A rainy afternoon in 1999 I was at home watching TV, and Red Ronnie was introducing an emerging rock band on tmc2, with a frontman sporting long black hair, dark complexion, generous eyeliner, and markedly Indian features. My Vitriol...
"What a lousy name," I turned off the TV without thinking twice and went back to drown in boredom in other rooms.
Big mistake.

Finelines is a beautiful album, considering it’s the debut album of a band that literally came out of nowhere, everything is even more magical and interesting.
16 tracks.
Need to press Skip on the player: zero.

The singer's voice is clear and wonderfully melodic, yet desperately angry and lost within reverberations of dreamlike and deep sounds. The sound is typically American, in the realm of grunge, with the addition of labyrinthine tones and significant psychedelic loops, delay effects combined with the power of some sharp riffs (I suppose they have a wide array of pedals at their disposal live).
In other words, there's nothing in common with the new raw and dry sounds of various Strokes and White Stripes; rather, one could say that My Vitriol is the right combination of nirvana (to whom they owe much), Verve, and a touch of seventies-progressive (The Nice?? Well, I don't know…).
Indie rock enthusiasts cannot miss this appointment with this work. Entirely arpeggiated and clean songs ("Taprobane"), others dirty, only riffs and octaves in fast sequences, broken by rasping screams alternating with a singing always perfectly in tune and a basic melody always very catchy ("Losing Touch," "Pieces," "Always Your Way").

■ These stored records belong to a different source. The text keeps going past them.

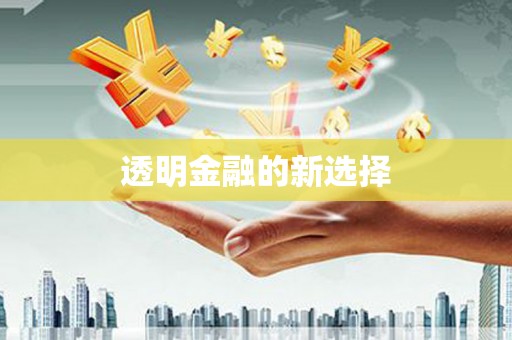 平安透明金融的新选择
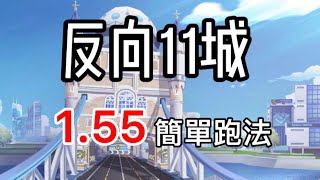 ［Garena極速領域/QQ飛車］反向11城1.55簡單跑法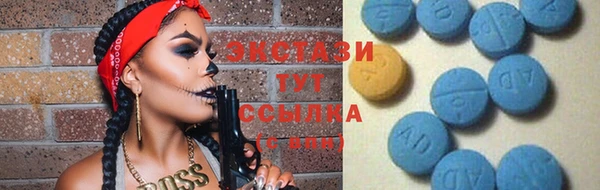 Альфа ПВП Кинешма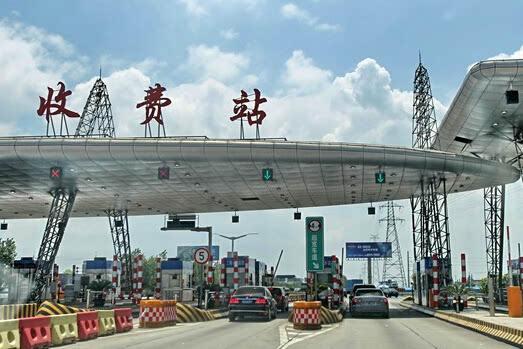 高速收费站的收费员是怎么进去的,高速收费站的收费员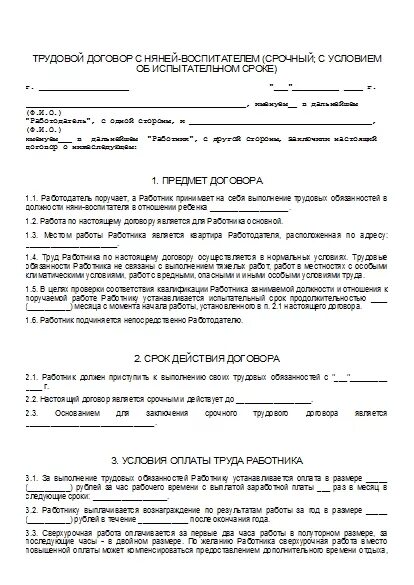 Договор сиделки физического лица. Договор сиделки физического лица
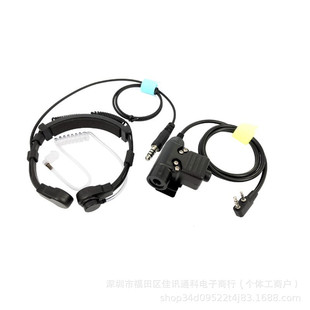 �S�����l ���v�C���g���CCS��s����+U94 PTT K�^���h���� �WӍ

The single that should have launched them in Europe is "Grounded," to whose video (as beautiful as it is absurd and twisted) participated someone who made being alternative a must in life, Vincent Gallo.

If you don't want to buy this gem because you are still skeptical, download one of the tracks I mentioned or ask someone who already has this album at home, and if they tell you it's not worth it... don't believe them!